I love to garden. I lived in a condo with a deck for 15 years and had more than 40 pots outside, with a third of them dedicated to tomatoes, peas, beans and herbs. My wife moved in shortly after I bought the place and she started to like gardening, too. But, two years ago, she said she wanted a home with a yard. To make a long story short, we now have a home with a yard and garden, and can jams and freeze tomatoes all summer long. In the colder months, though, we go to the Winter Farmers Market hosted by the Downtown Alliance to get our veggies.

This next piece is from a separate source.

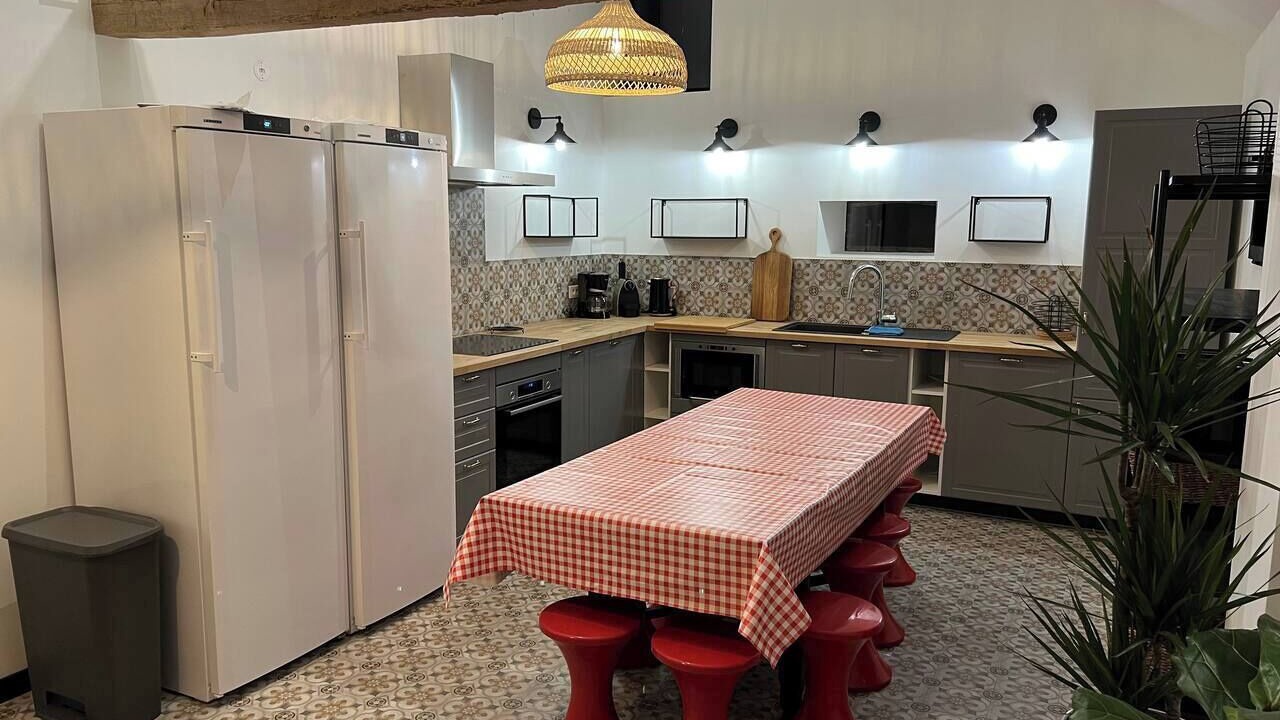 Photo of Kitchen in Conflans-sur-Loing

The market hopes to plan ahead, too. The state of Utah is moving its art and history collection to a new building behind the Capitol. The Utah State Historical Society staff in the Rio Grande Depot will move there. The vacant depot could possibly become our own version of Seattle's Pike Place Market. The Downtown Alliance (part of the Chamber of Commerce) has asked the Legislature to fund $300,000 for a feasibility study to see if the historic building is structurally sound enough to be used as a public market. Now this is an idea Republicans and Democrats should certainly agree upon.
Pike Place Market opened in 1907 and is easily one of the most popular tourist destinations in Washington state. Our Rio Grande Depot was finished in 1910 and is full of mixed elements of Renaissance Revival and Beaux Arts architecture. It was actually built by the developer to compete with the Union Pacific Depot just a few blocks north at what is now The Gateway. (FYI, a hotel will be attached to the Union Pacific Depot in the next two years.) The high arched windows inside the depot were originally green glass to keep the interior passenger waiting areas cool, and there was a barber shop, a restaurant (now the Rio Grande Café), a men's smoking room and a women's lounge as well as a telegraph office to wire messages (pre-phone and internet days, kids). It was the main hub to send tens of thousands of soldiers off to World War I and II, but it became less used as the returning soldiers came home, got jobs and bought cars. The 1950s saw a decline in passenger train service because everyone wanted their own car and the economy was booming.
There's no guarantee that we'll get a downtown indoor-outdoor market in Salt Lake City but, boy, wouldn't that be a great use of that beautiful old building? It's not a new idea. Many city leaders and history buffs have talked about the idea for years and I can't personally think of a better use of that beautiful space.